La domanda che posso farmi è: perché in un’epoca in cui è così facile comunicare, una parte della politica sceglie la strada dell’incomprensione?
La risposta che posso dare è che probabilmente nelle democrazie attuali buona parte degli uomini politici è la parte peggiore della società e dell’umanità. Il numero di compromessi a cui deve scendere un politico per ottenere un’elezione lo porta a trasformarsi nella parte peggiore della società. Quali favori devi promettere? Quanti soldi devi richiedere? E poi, più alta è la carica, maggiori sono i compromessi. Va da sé.

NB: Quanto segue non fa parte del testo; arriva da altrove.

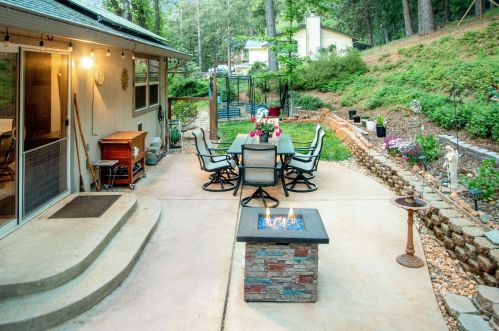 17444 Alexandra Way, Grass Valley CA  95949-7181 exterior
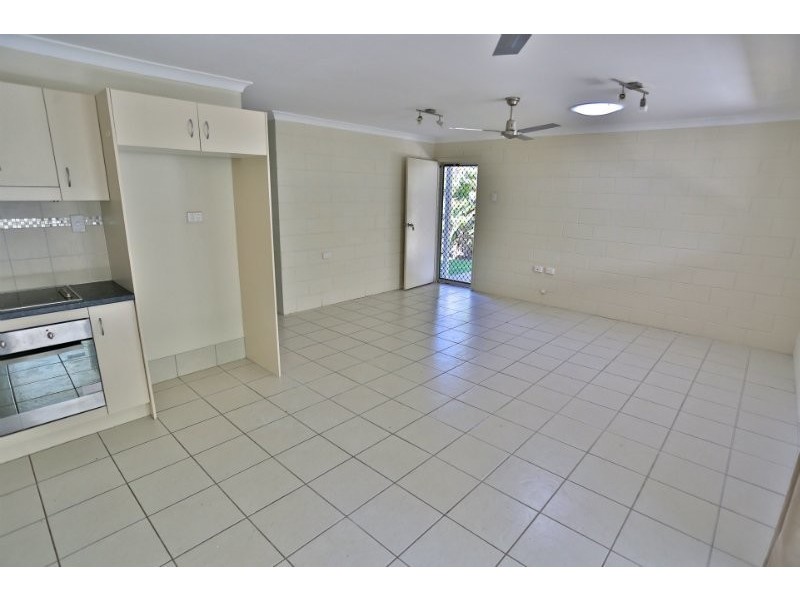 12 Phillip Street, Emu Park QLD 4710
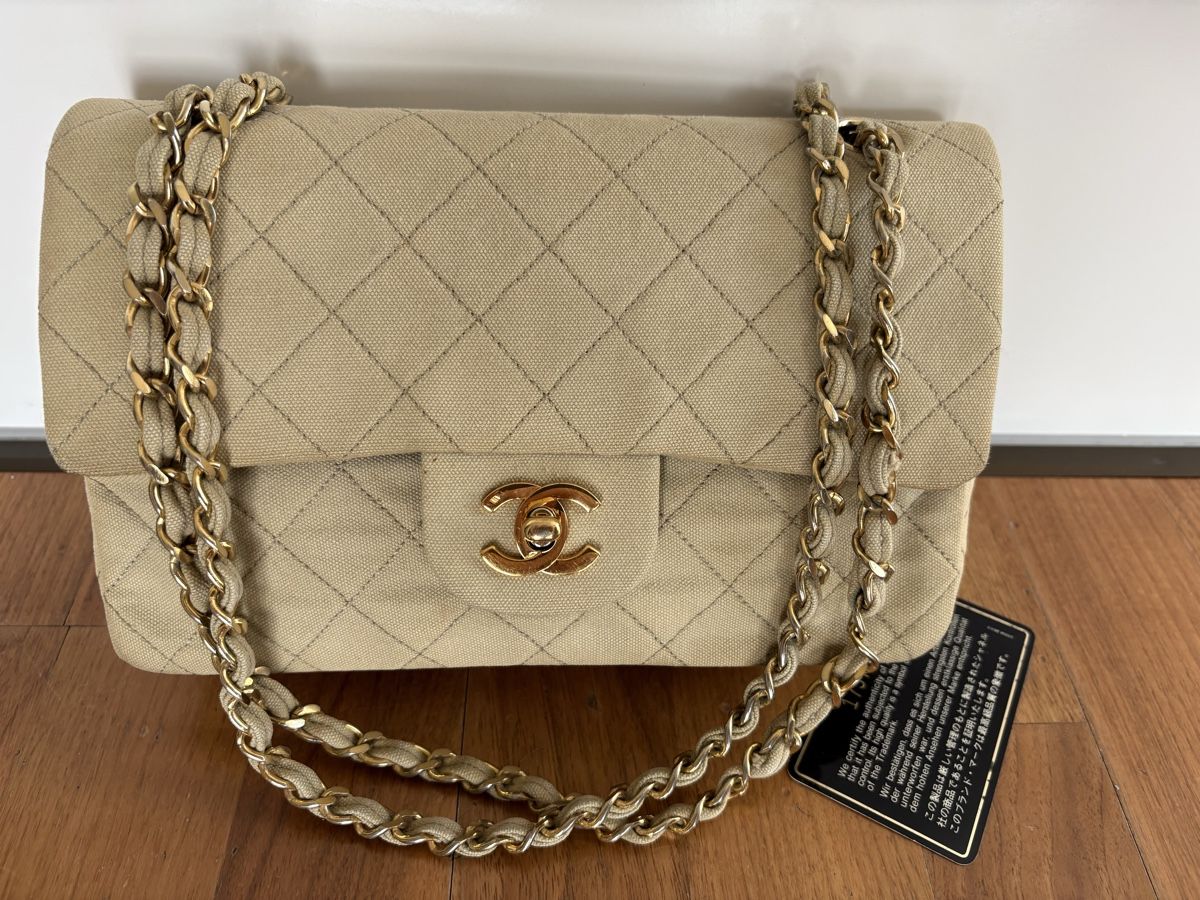 Chanel Taschen für Damen: Vintage Chanel Double Flap small  – Gebraucht aus Salenstein von Stella0805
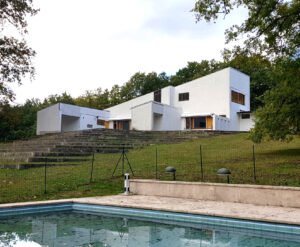 Maison Louis CarrΓ© β David et Madame Hansen filming location in Bazoches-sur-Guyonne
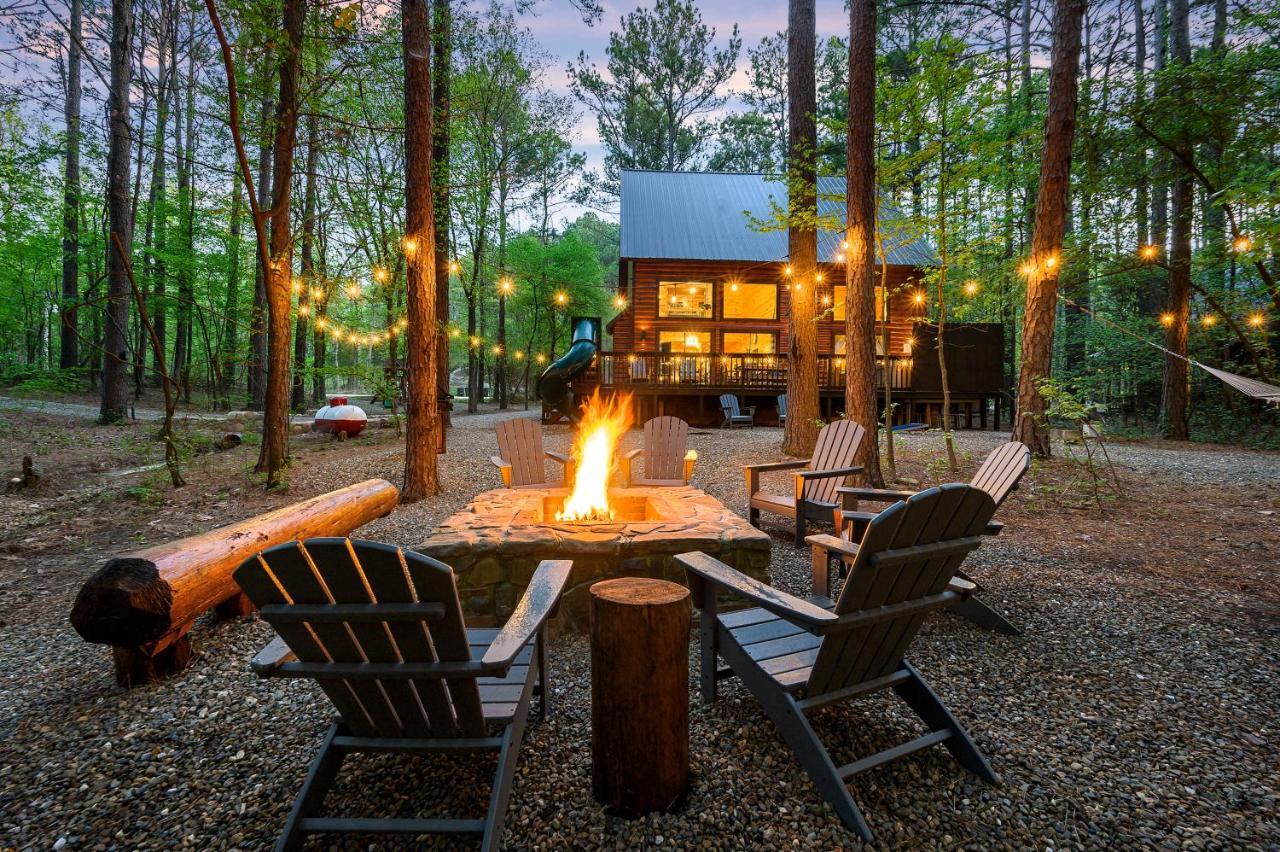 Hickory Bear - Cabin Surrounded By Pines, Sleeps 10, Hot Tub, Fire Pit, Arcade, Foosball Table & Deck Slide โบรคเคนโบว์ ภายนอก รูปภาพ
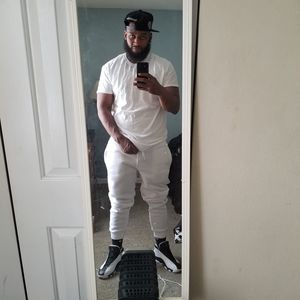 Meet your Posher, Don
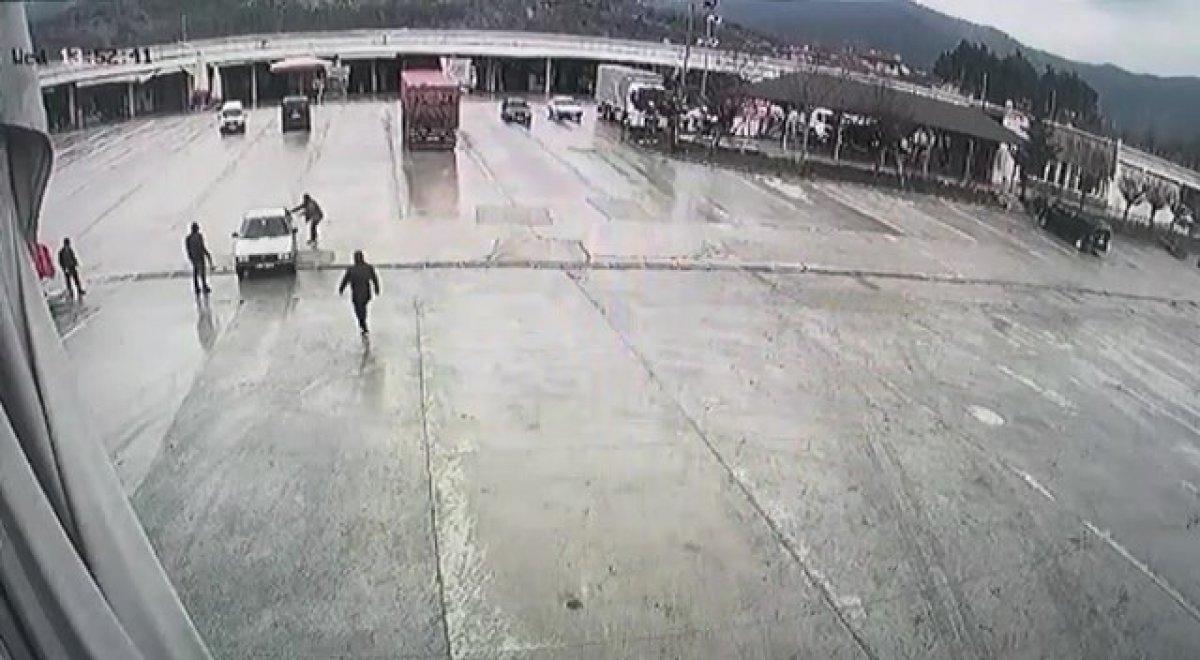 Amasya'da el freni çekilmeyen araçtan film sahnesi görüntüleri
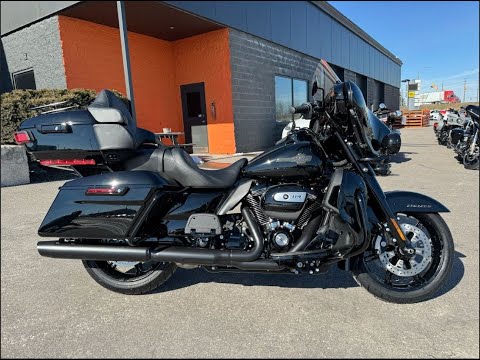 2024 Harley-Davidson<sup>®</sup> Ultra Limited Vivid Black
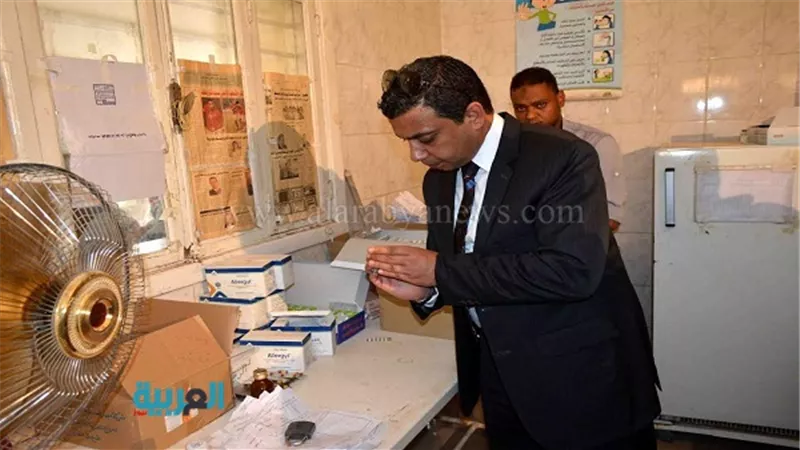 بالصور.. الرقابة الإدارية تفتش على المؤسسات الخدمية بالأقصر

Bene e con questo, nella speranza di non beccarci un po’ di querele da destra o sinistra, da centro… o di sopra e di sotto, terminiamo quest’intervista con Alessandro Perissinotto, che è riuscito a rispondere lucido su temi così complessi, mentre era alle prese con la riparazione di un vetro di casa, montando e smontando, siliconando e avvitando. Nel congedarmi le sue ultime parole sono state: “Il bricolage è la mia passione” e questo lo rende ancora più umano, più vicino a noi.